Google AI developed a deep learning language model called Minerva, which could solve mathematical quantitative problems using step-by-step reasoning.

In the recently published paper related to Minerva, researchers explained the development of this deep learning model. They achieved a state-of-the-art solution by training a deep learning model on a large training dataset containing quantitative reasoning with symbolic expressions. The final model, Minerva, could solve quantitative mathematical problems on STEM reasoning problems.

Minerva analyzes the question using natural language processing and mathematical notation processing techniques. It is reminiscent of the relevant formulas, constants, and step-by-step solutions that involve numerical calculation. It generates solutions that include symbolic manipulation and numerical calculation without relying on a calculator to get the final answers. By generating different answers to the problem with different assigned probabilities, Minerva used majority voting to select the final answer. The following image shows an example of Minerva’s output for a quantitative mathematical problem.

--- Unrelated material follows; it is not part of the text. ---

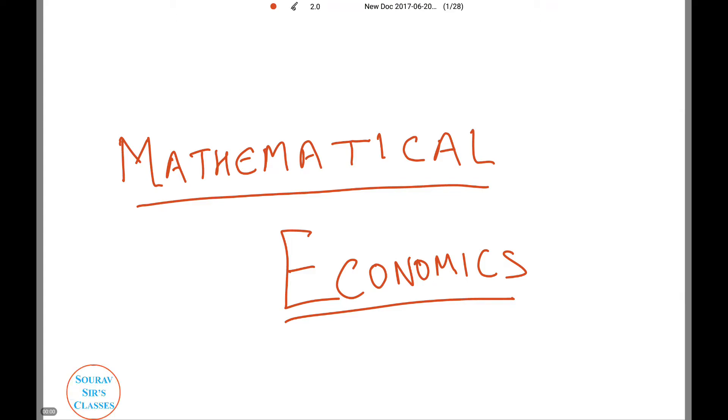Hi and welcome to Show Ourselves Classes. Today we are going to deal with a chapter that is feared by most students — that is mathematical economics. Let's begin.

**Test Minerva’s answer to a mathematical problem**

Minerva was built on Pathway’s Language Model (PaLM, 540 billion parameter, tightly activated, transformer language model) with more mathematical data sets like arXiv, text containing LaTeX and MathJax or other mathematical formats. To train the model on symbolic data, symbolic mathematical notations are preserved in the training data set. This process is shown in the following diagram.

**Symbolic mathematical expressions are preserved for the training of Minerva**

To benchmark Minerva’s performance, STEM benchmarks, ranging from primary school to master’s level, were used. Researchers used data sets such as MATH (High school math competition level problems), MMLU-STEM (massive multitask language comprehension benchmark focused on STEM covering topics such as engineering, chemistry, mathematics and physics at high school and university level) and GSM8k (grade) school mathematics problems , which involves basic arithmetic operations that can be solved by a talented middle school student). It shows significant performance on MATH and MMLU-STEM, as shown in the following graphs:

**Minerva’s performance**

One of the important limitations of Minerva is that the model’s response could not be evaluated automatically. As stated in the blog post:

Our approach to quantitative reasoning is not grounded in formal mathematics. Minerva analyzes questions and generates answers using a mixture of natural language and mathematical LaTeX expressions without any explicit underlying mathematical structure. This approach has an important limitation, as the model’s response cannot be verified automatically. Even when the final answer is known and can be verified, the model can arrive at a correct final answer using incorrect justification steps that cannot be automatically detected. This limitation is not present in formal methods of proving theorem (see, e.g., Coq, Isabelle, HOL, Lean, Metamath, and Mizar).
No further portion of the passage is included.